=== WORK INSTRUCTION ===
Give the lines again exactly as they appear below, from the line with "Hyundai Kona EV" to the line with "Fifth view of", both included, and only those lines. Leave every picture out.

*** Opening of INFORMATION SUPPLIED ***

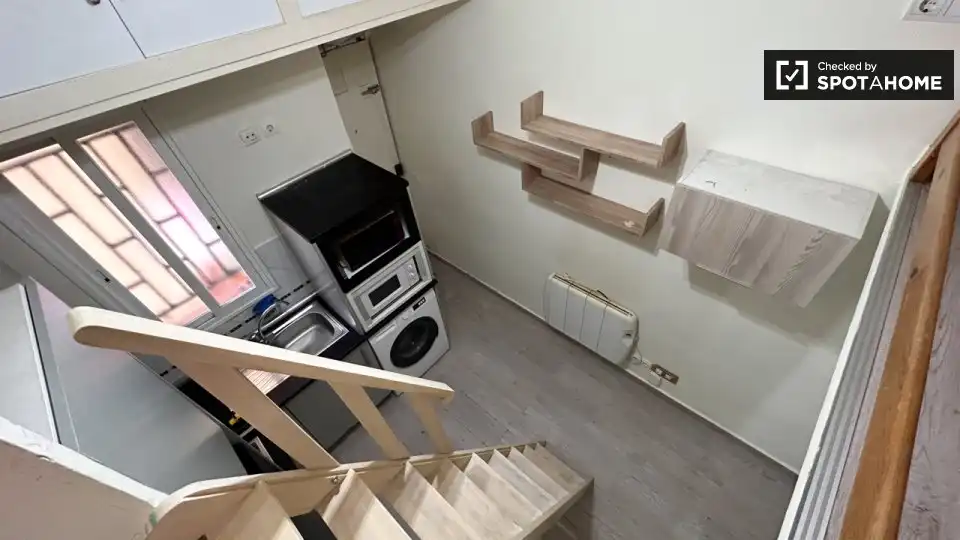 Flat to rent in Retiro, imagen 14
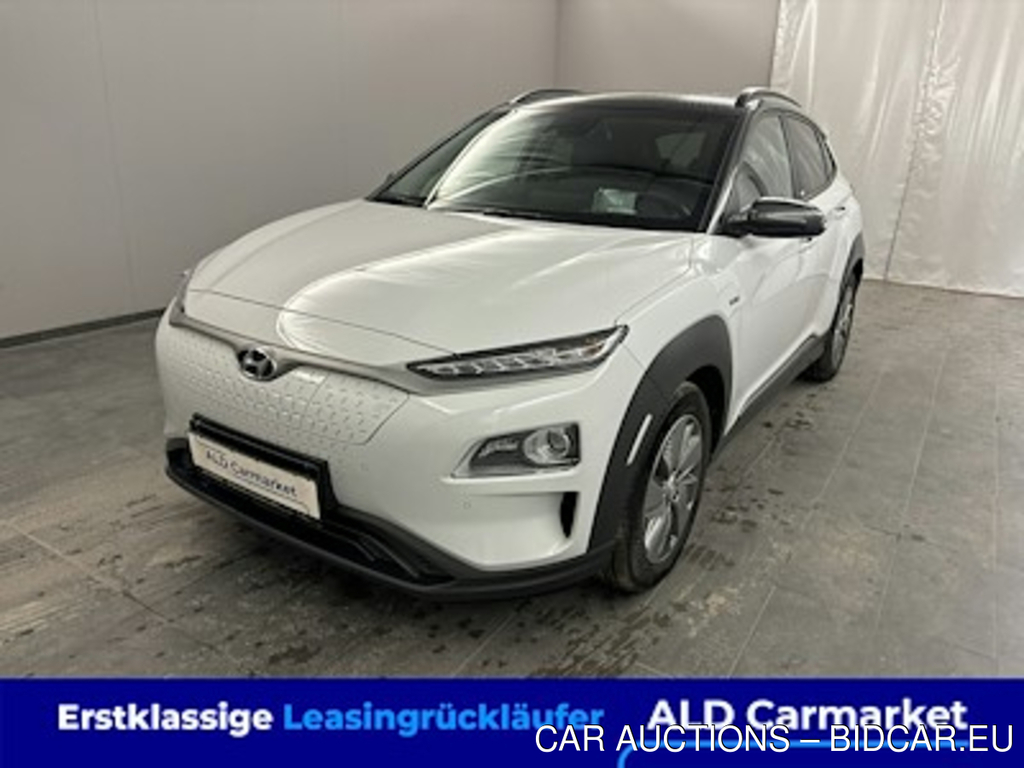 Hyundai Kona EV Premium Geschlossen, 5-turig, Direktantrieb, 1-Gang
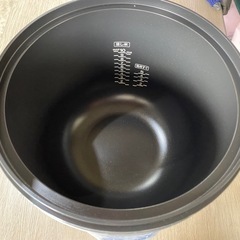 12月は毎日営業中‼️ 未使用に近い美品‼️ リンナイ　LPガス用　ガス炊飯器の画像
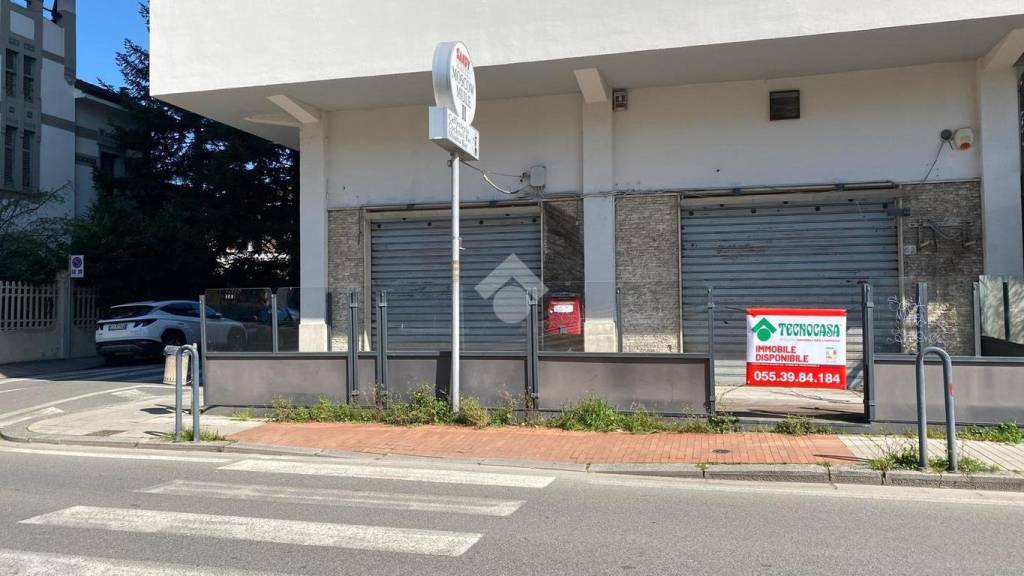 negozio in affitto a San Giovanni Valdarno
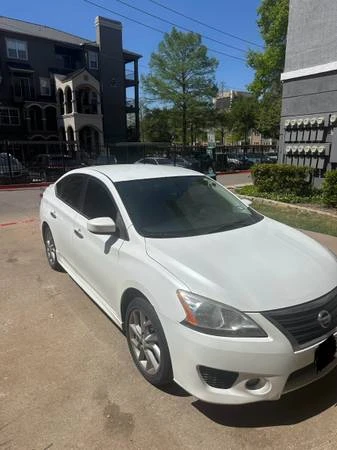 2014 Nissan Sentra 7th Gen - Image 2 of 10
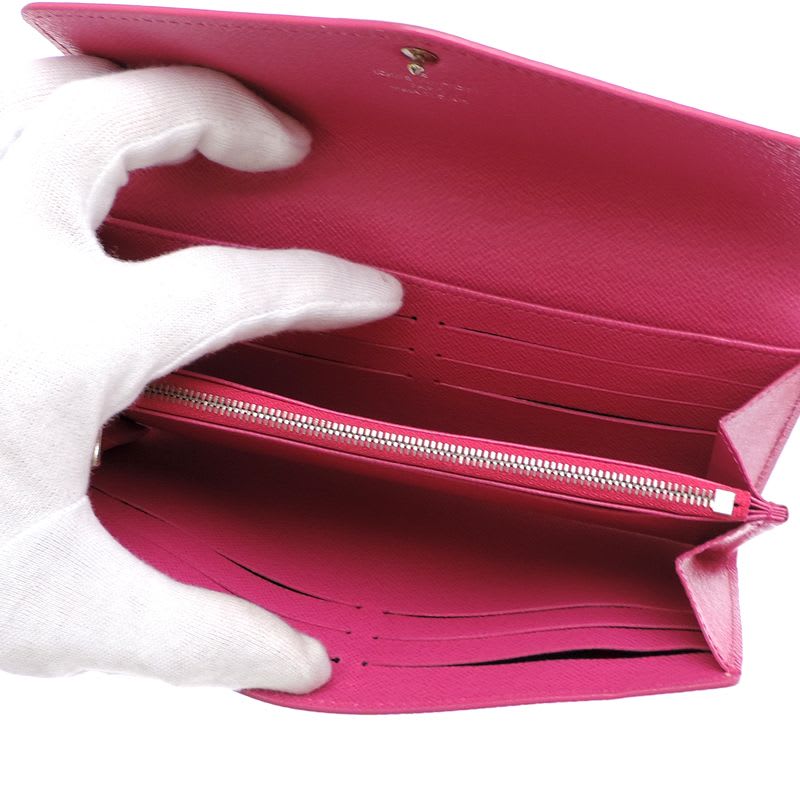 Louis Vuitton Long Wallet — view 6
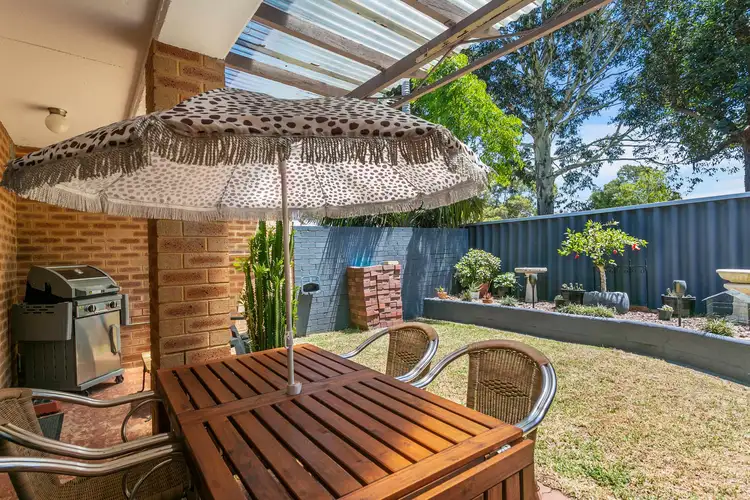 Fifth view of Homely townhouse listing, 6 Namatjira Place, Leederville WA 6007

*** Close of INFORMATION SUPPLIED ***
*** Opening of INFORMATION SUPPLIED ***

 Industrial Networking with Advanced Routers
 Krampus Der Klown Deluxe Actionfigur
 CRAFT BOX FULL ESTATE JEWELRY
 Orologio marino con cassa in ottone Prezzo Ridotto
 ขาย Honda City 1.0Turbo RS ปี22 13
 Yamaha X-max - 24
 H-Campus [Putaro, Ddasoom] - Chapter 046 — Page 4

*** Close of INFORMATION SUPPLIED ***
*** Opening of INFORMATION SUPPLIED ***

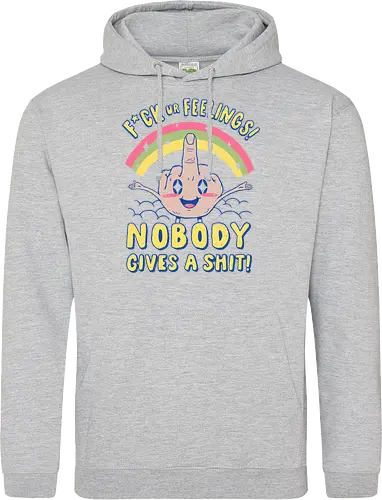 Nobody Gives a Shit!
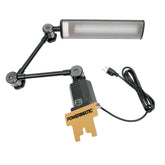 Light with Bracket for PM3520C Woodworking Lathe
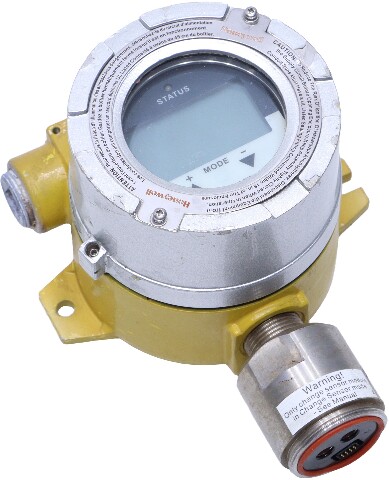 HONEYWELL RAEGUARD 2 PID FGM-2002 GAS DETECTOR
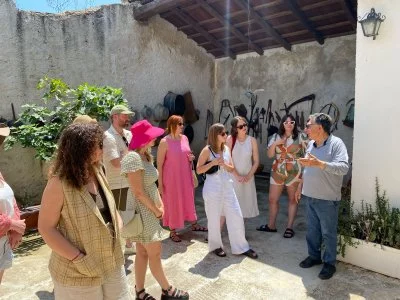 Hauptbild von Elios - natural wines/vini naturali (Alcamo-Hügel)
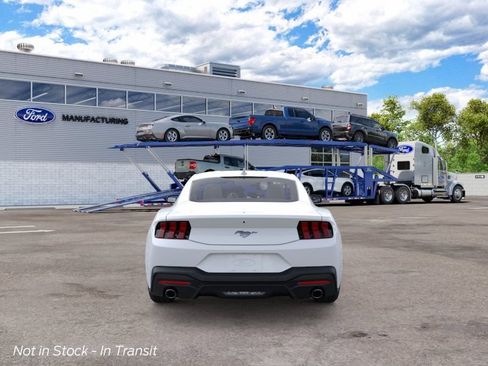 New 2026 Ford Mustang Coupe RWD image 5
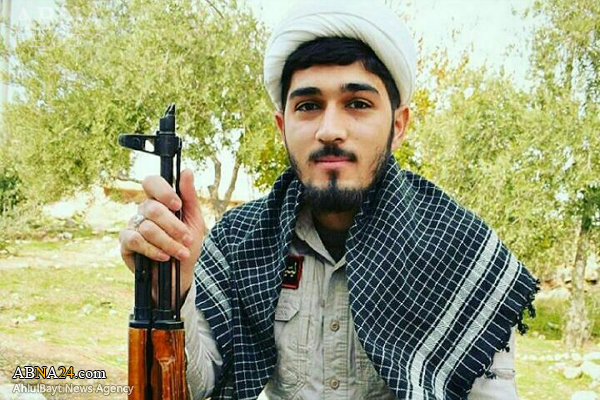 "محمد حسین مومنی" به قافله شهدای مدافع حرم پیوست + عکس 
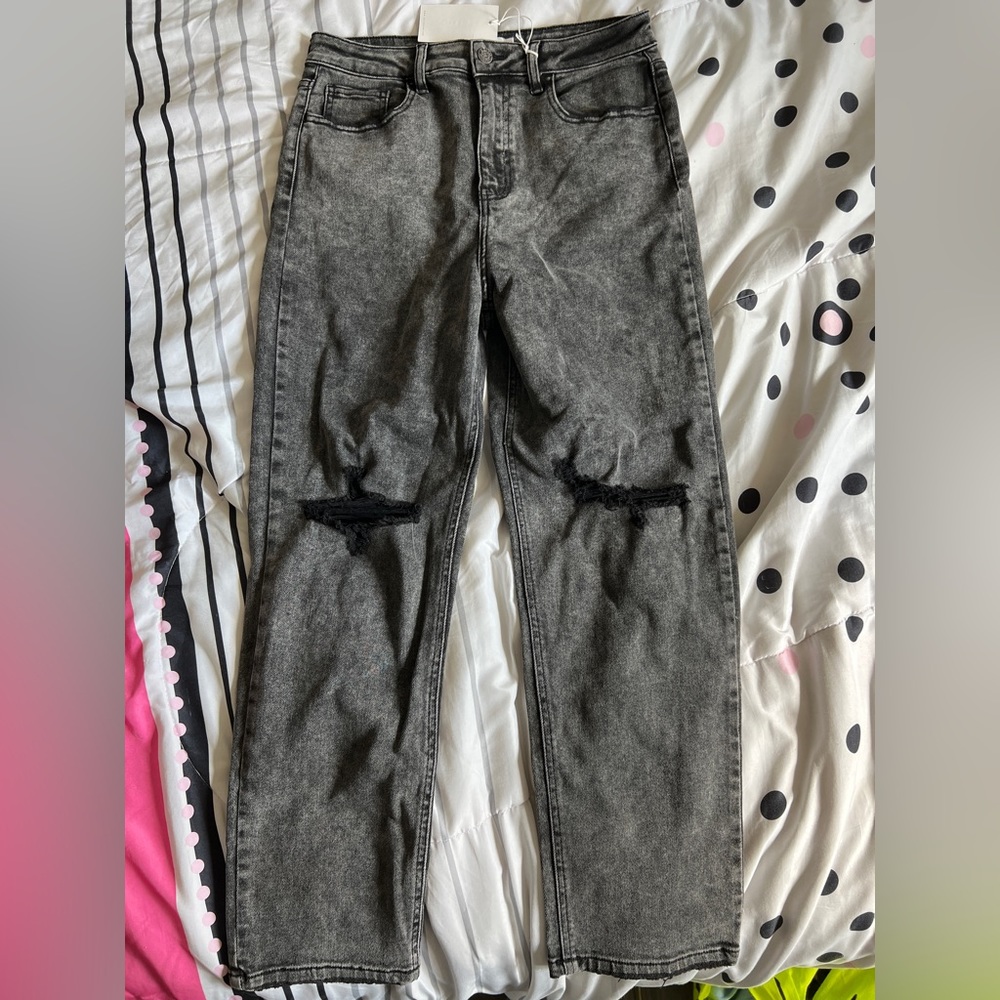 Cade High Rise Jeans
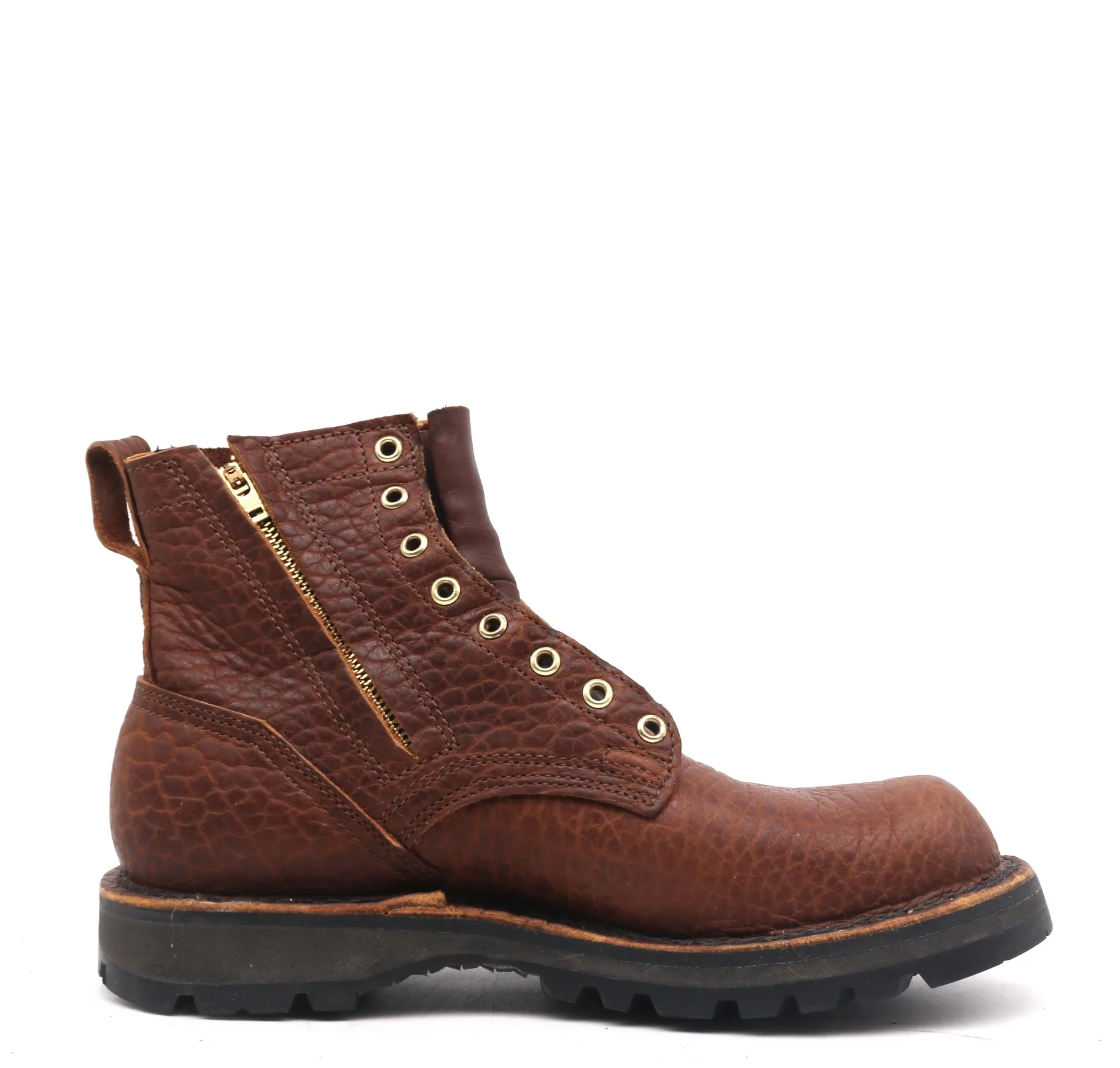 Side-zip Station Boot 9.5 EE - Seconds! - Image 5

*** Close of INFORMATION SUPPLIED ***

=== EXERCISE RESULT ===
 Hyundai Kona EV Premium Geschlossen, 5-turig, Direktantrieb, 1-Gang
 12月は毎日営業中‼️ 未使用に近い美品‼️ リンナイ　LPガス用　ガス炊飯器の画像
 negozio in affitto a San Giovanni Valdarno
 2014 Nissan Sentra 7th Gen - Image 2 of 10
 Louis Vuitton Long Wallet — view 6
 Fifth view of Homely townhouse listing, 6 Namatjira Place, Leederville WA 6007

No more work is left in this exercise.